Leaving all pictures aside, copy exactly the lines from the start of the listing below through the line that contains "Пуснаха от ареста", and only those lines.

***** Data to use *****

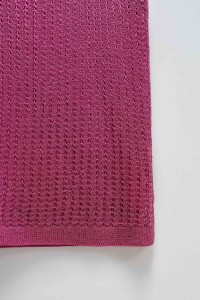 TOP IN GLNZENDEM NETZSTOFF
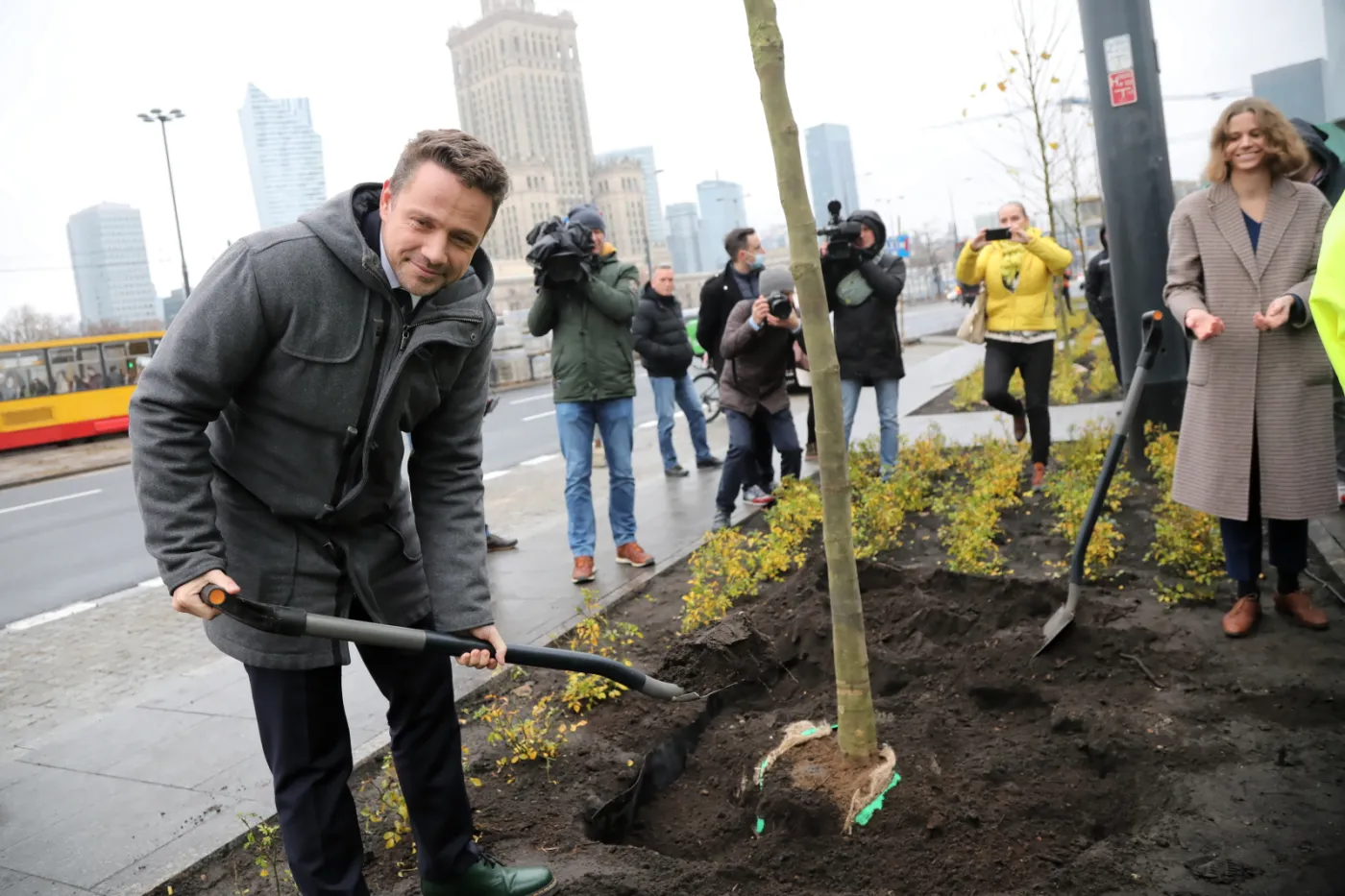 Warszawskie rondo ma się zmienić. Ma być 58 drzew, trzy już są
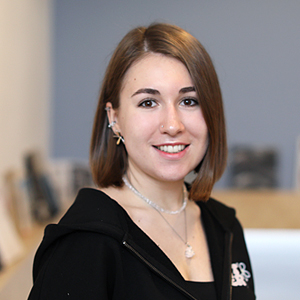 Выпускница Кира Бобёр поступила на бюджет в МПГУ Выпускница Кира Бобёр поступила на бюджет в МПГУ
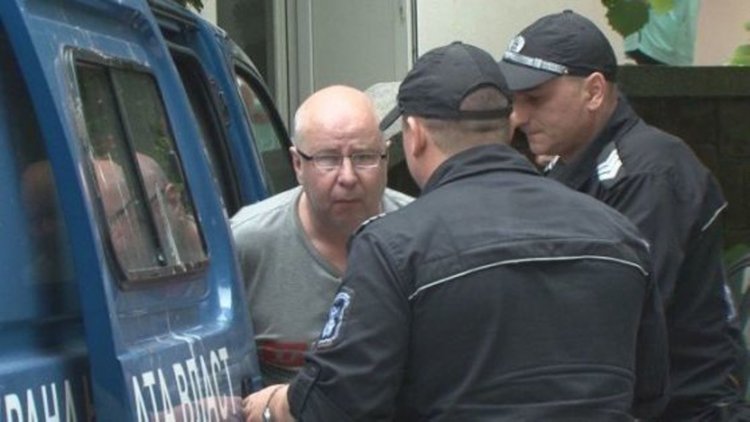 Пуснаха от ареста шведа, изритал камериерка в главата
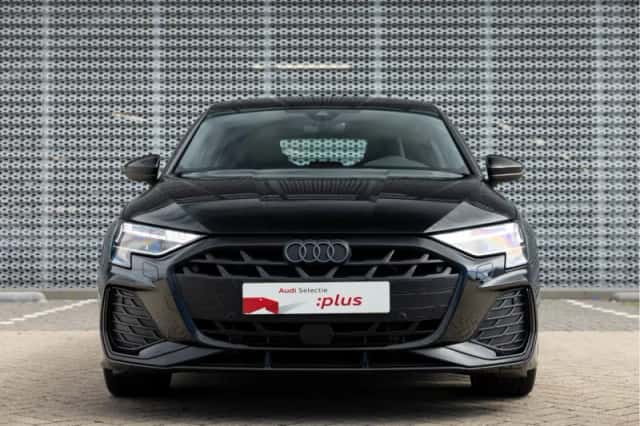 Audi A3 (2025) thumbnail 2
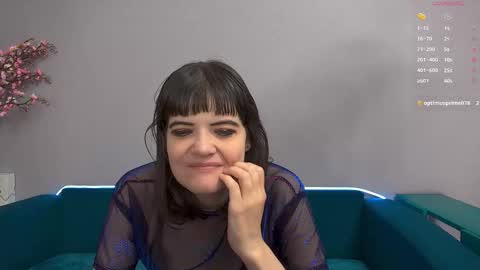 Snapshot of feelsgoodwoman chatting on November 15, 8:49 pm Laura online show from November 15, 8:49 pm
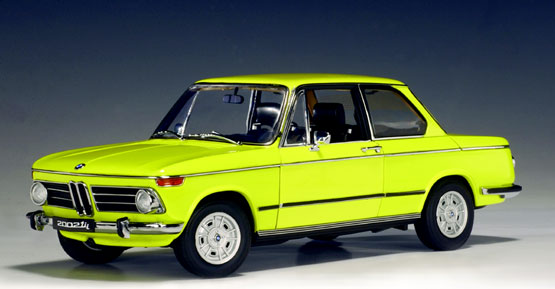 1971 BMW 2002 Tii - Golf Yellow (AUTOart) 1/18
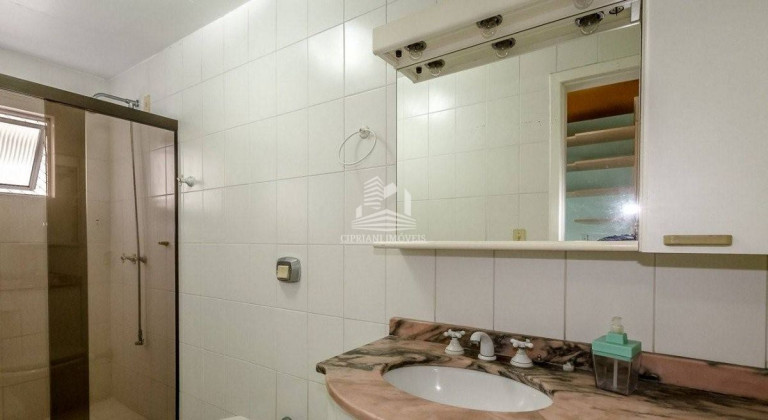 Imagem Apartamento com 3 Quartos à Venda,  em Centro - Balneário Camboriú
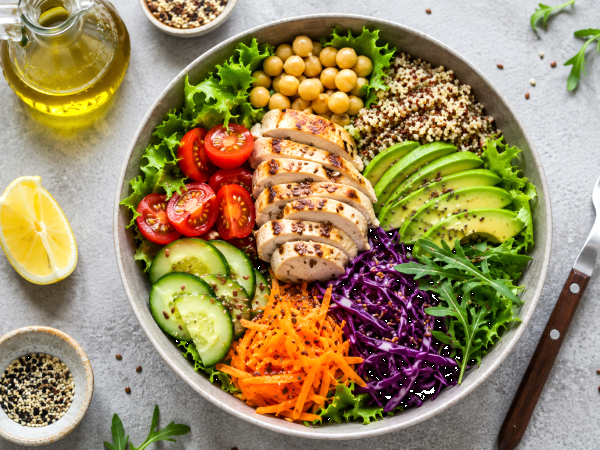 Ingredientele care vor face ca salatele tale să fie cu adevărat sățioase (și vor preveni senzația de foame de la ora 16:00)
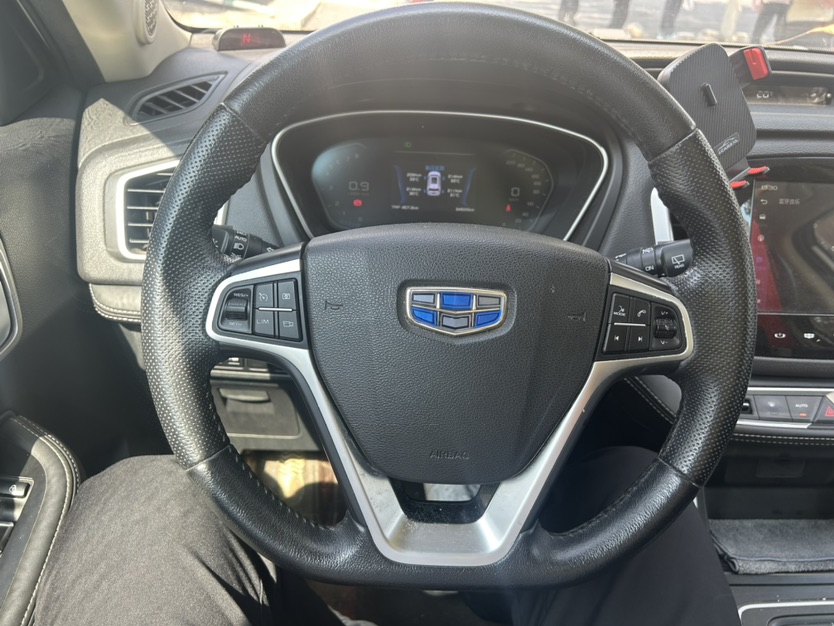 GEELY Vision X6 2019 car image #4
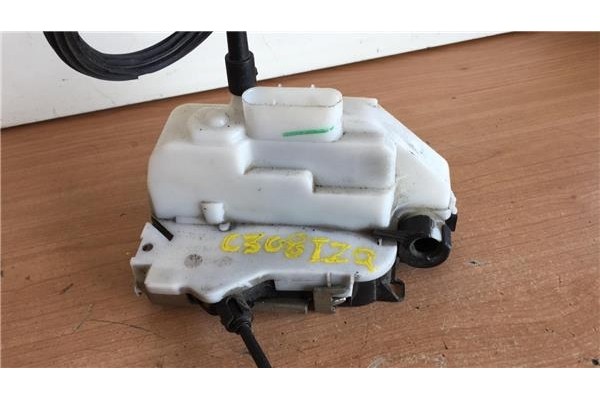 Recambio de cierre electromagnetico delantero izquierdo para citroen c3 1.4 hdi 70 furio referencia OEM IAM 46982980 0650G1 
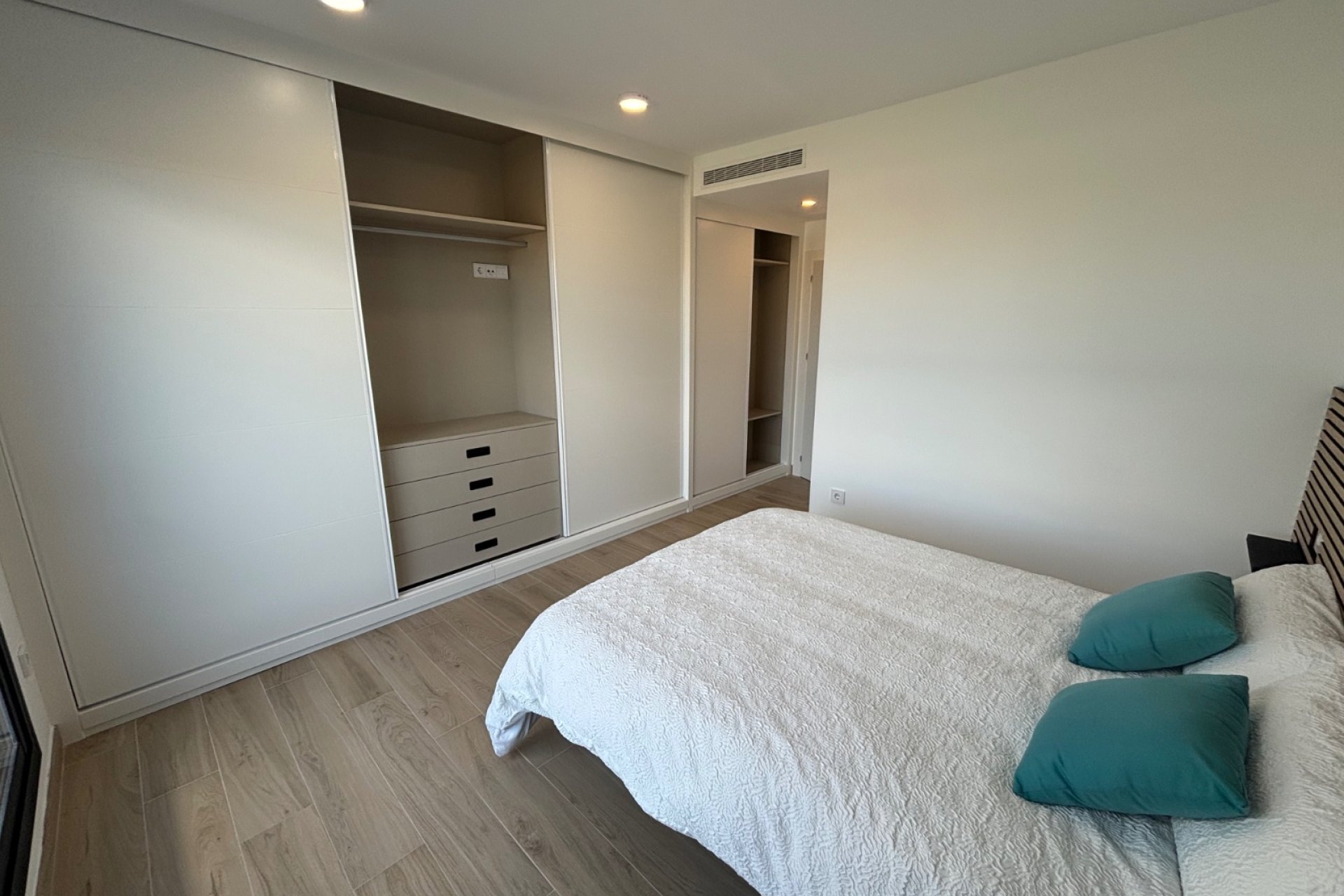 Reventa - Villa - Los Alcázares - Roda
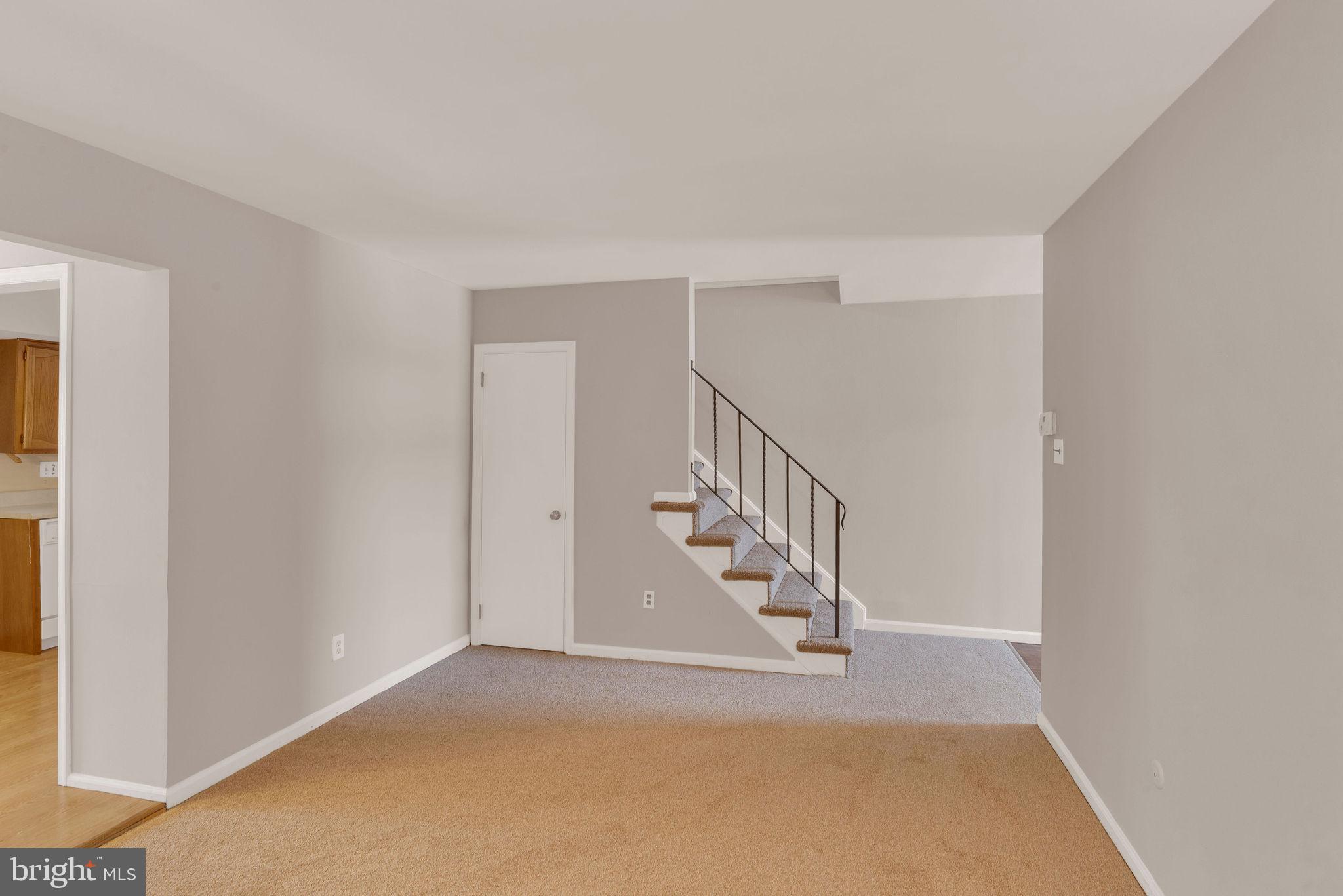 ORCHARD COURTS - Residential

*****

Task solution -
 TOP IN GLNZENDEM NETZSTOFF
 Warszawskie rondo ma się zmienić. Ma być 58 drzew, trzy już są
 Выпускница Кира Бобёр поступила на бюджет в МПГУ Выпускница Кира Бобёр поступила на бюджет в МПГУ
 Пуснаха от ареста шведа, изритал камериерка в главата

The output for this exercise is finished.